The rule includes this stipulation: “The failure by the runner to make an effort to touch the plate, the runner’s lowering of the shoulder, or the runner’s pushing through with his hands, elbows or arms, would support a determination that the runner deviated from the pathway in order to initiate contact with the catcher in violation of Rule 6.01(i).”
Umpires called Marisnick out on the play, determining that he lowered his shoulder to make contact with Lucroy and strayed out of the baseline. The call was upheld after a review.

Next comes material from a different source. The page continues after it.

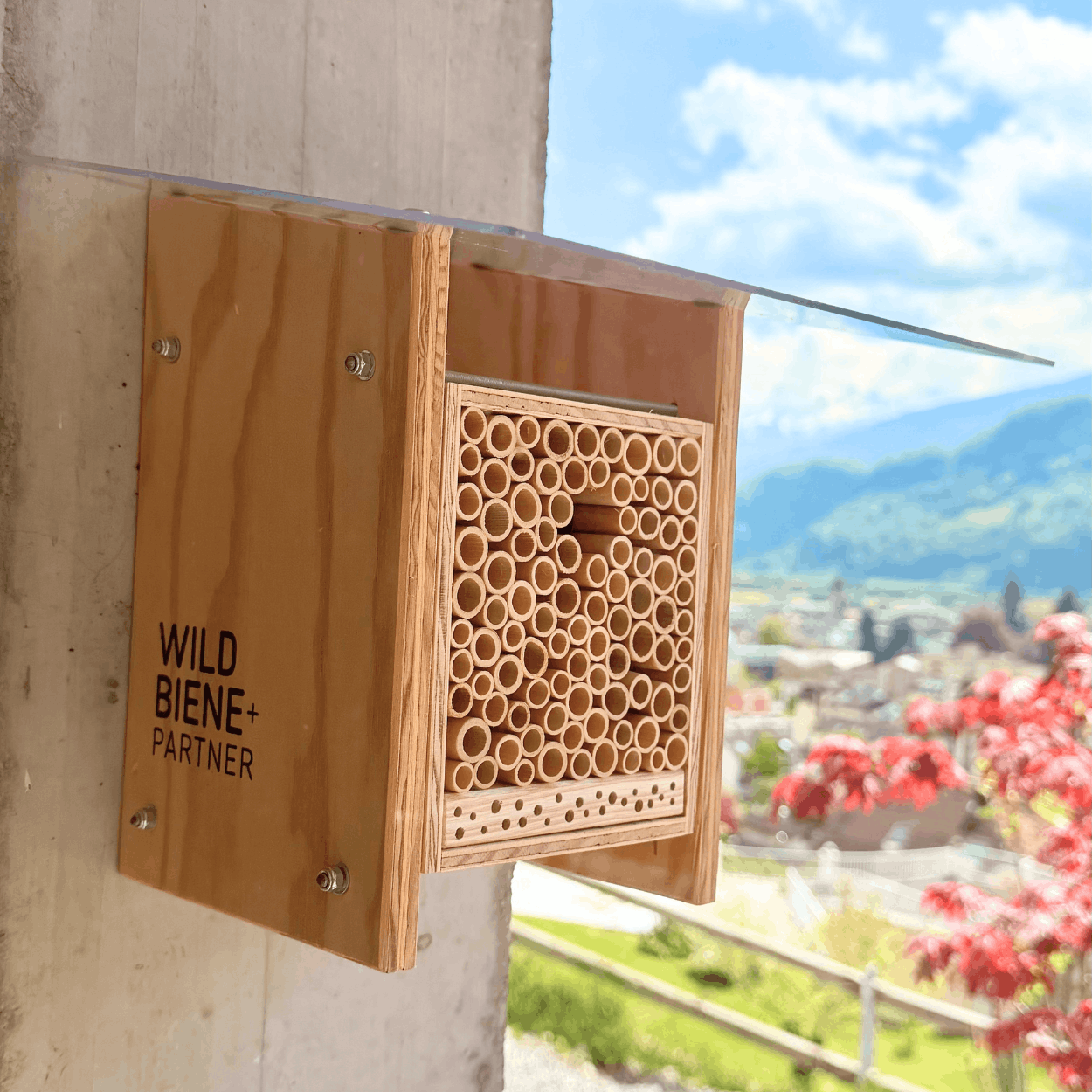 
                  
                    BeeHome Classic Special Edition Diversify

Marisnick defended his play in interviews following the game, but he also said in a Twitter post on Sunday evening that he “felt awful” and apologized profusely to Lucroy. He will appeal the suspension, allowing him to play Thursday night, and told reporters Thursday that he “would like to just talk further with Major League Baseball” about the play. He said in the Twitter post that he “made a split second decision at full speed to slide head first on the inside part of the plate."
“Obviously I still feel terrible about it,” Marisnick told reporters Thursday. “It was a rough couple days, just going through kind of everything that happened, kind of a chance to sit back and digest everything. I’ve seen a lot of takes on it, and obviously everybody has their own opinion, but I know deep down in my heart that I had no intent to hurt or make contact with him.”

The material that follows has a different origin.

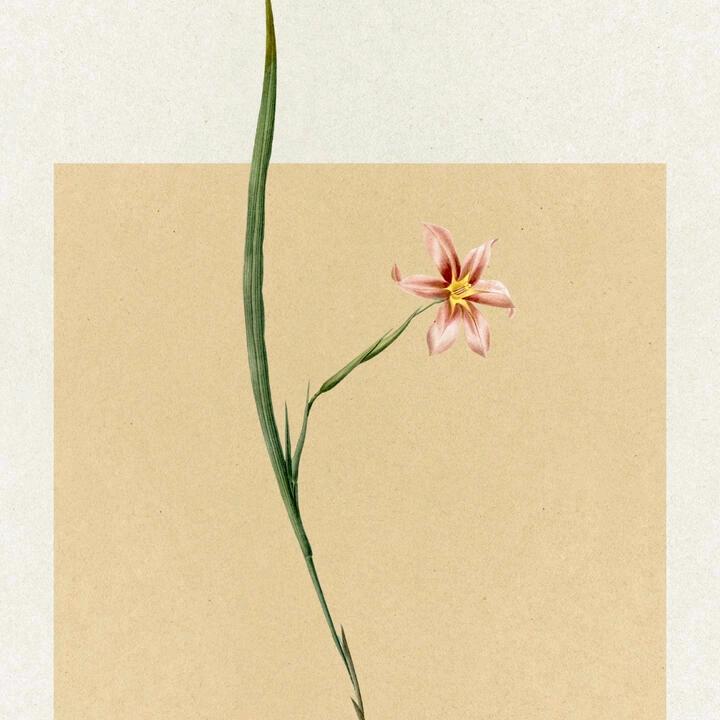 余生安康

The protection of catchers is an ongoing subject of debate. St. Louis Cardinals catcher Yadier Molina and Angels Manager Brad Ausmus, a former catcher, both called on the league to suspend Marisnick following Sunday’s game, with Molina describing it on Instagram as a “Bulls--- play!”
“I don’t fault Jake because he wasn’t hunting him, he wasn’t going after him,” said Astros Manager A.J. Hinch, also a former major league catcher. “He tried to take a step on where Lucroy was going to go, and it’s difficult in that little 1- to 3-foot circle where you’re trying to figure out going at full speed what’s going to happen. It just turned out to be an ugly play.”